Speculation also drives me insane too. It’ll come when it comes, FFS! The new album. The recommencing of the tour. Jim’s “tome” of fiction. And currently…there is not much “doing” at SMHQ and Jim is obviously just not wanting to engage with the fans in social media any more – which is his absolute right, of course.

But that was the thing that drew me into the fanbase! That’s what drew me in to Facebook! His presence and interaction with the fanbase. I can’t emphasise enough what that meant! And how different that set Simple Minds apart from any band or artist that I had ever liked before. The human touch. Making the intangible feel tangible. That is what made you feel most special to me, Jim. The voice is one thing, the songwriting another. The stage presence another. But it was all wrapped in a bow with your…approachability.

I was always someone who just stayed out on the fringes. I was never one to really put myself “out there”. Years of self-doubt, social ineptitude and of mental ill health.

In recent times I have wondered if many of the things I see that made me feel different as a child and made things difficult for me were signs of ASD that were never picked up?
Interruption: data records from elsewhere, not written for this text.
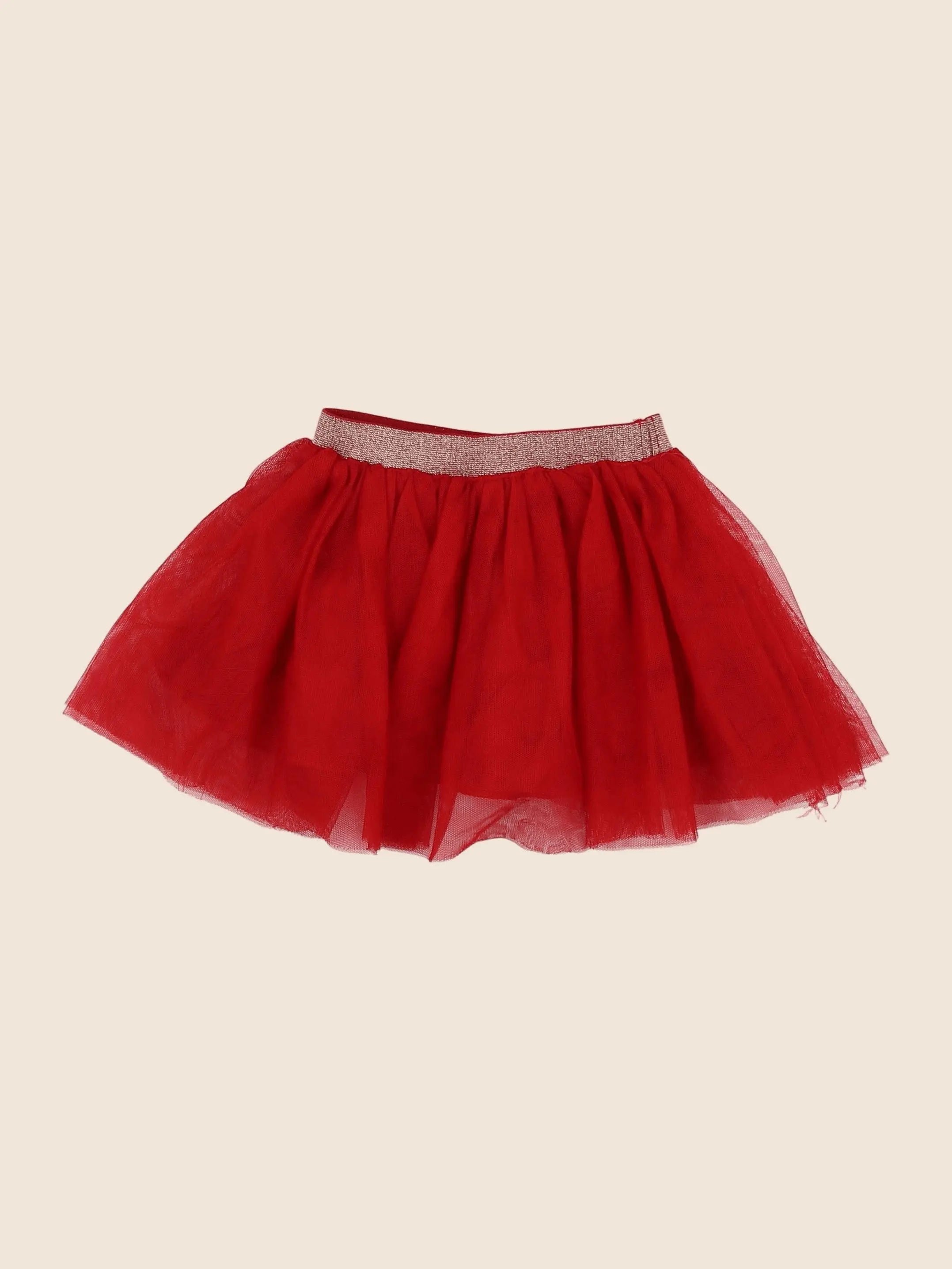 Vertbaudet - jupe rouge - 2 ans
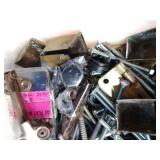 Collection of miscellaneous electrical and hardware components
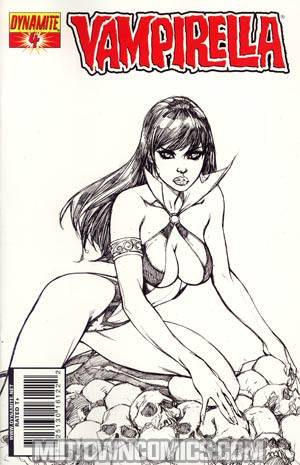 Vampirella Vol 4 #4 Incentive Ale Garza Sketch Cover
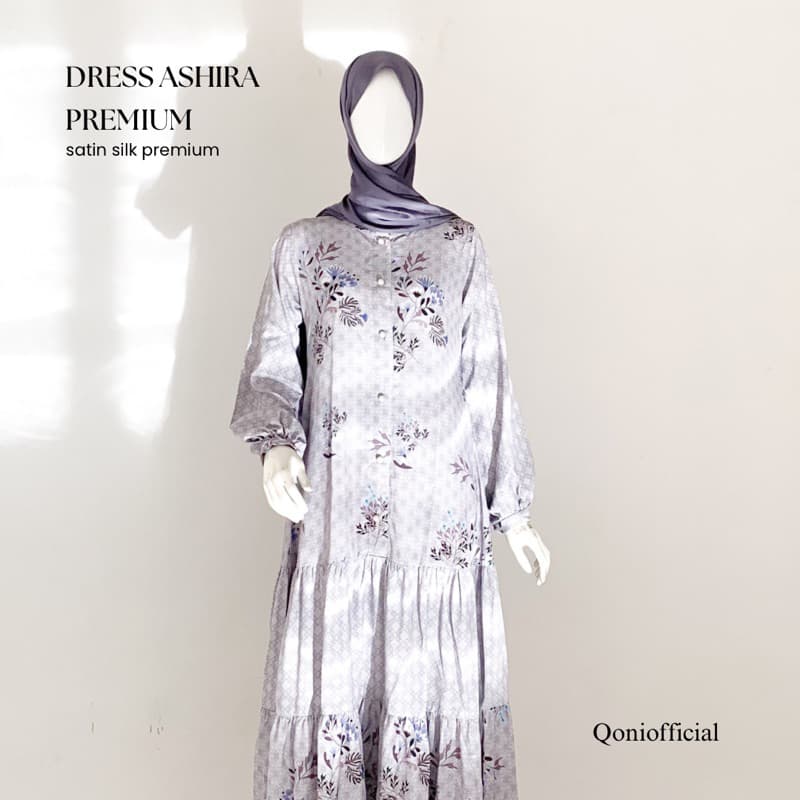 Qoni | Ld. Ashira | Dress Daily Look | Dress Simpel dan Elegant | Gaun Busui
That I masked too well and it went undetected? It happens to a lot of women with ASD. And as the wording goes – Autism SPECTRUM Disorder, there’s a spectrum there with some elements of ASD being stronger and more obvious in some than others, etc, etc.

I grew up with strong “stimming” traits. I rocked back and forth almost constantly as a child. The only time I would stop is when I was out somewhere, at school, or if we had house guests that didn’t know us well I would find alternatives. I would swing my legs back and forth or find other “stims” to do. I especially did the rocking when listening to music. It was the ultimate excuse to do it. I was listening to music! No one felt it was very strange then. But they did if I did it while watching TV or just…sitting and being. I also bite my nails. And not just my nails but the skin around my nails also. I eventually stopped the rocking in early adulthood but I still bite my nails and skin badly.

So…I have always felt somewhat alone. School was never something I enjoyed in a peer group sense. I loved learning and craved learning but I always felt incredibly uncomfortable around my peers and then when the bullying started, it escalated those feelings ten fold. I started staying away from school a lot as a result.

It took so much for me to step into the Simple Minds fanbase. I had NEVER socialised on this scale before, and I mean NEVER.

I can still remember how absolutely petrified I was going to my first SM gig and the idea that the people I had been talking to online would meet me just scared the crap out of me. I had tentatively agreed to meet someone from the fanbase at the gig, but I chickened out. I was just too overwhelmed. Meeting one new person is nerve-wracking for me but put that in a gig scenario where the person you have agreed to meet is there with maybe five or six other people around them and I am being introduced to them all…

It eventually happened. Bolstered largely by encouragement from Jim. The interactions I started to have with him gave me a confidence I had never possessed. It led me to do things I could only had previously dreamt of. I went on national TV to partake in a quiz, FFS! Something I had dreamed of for nearly 20 years, probably longer than that. And I did it, twice!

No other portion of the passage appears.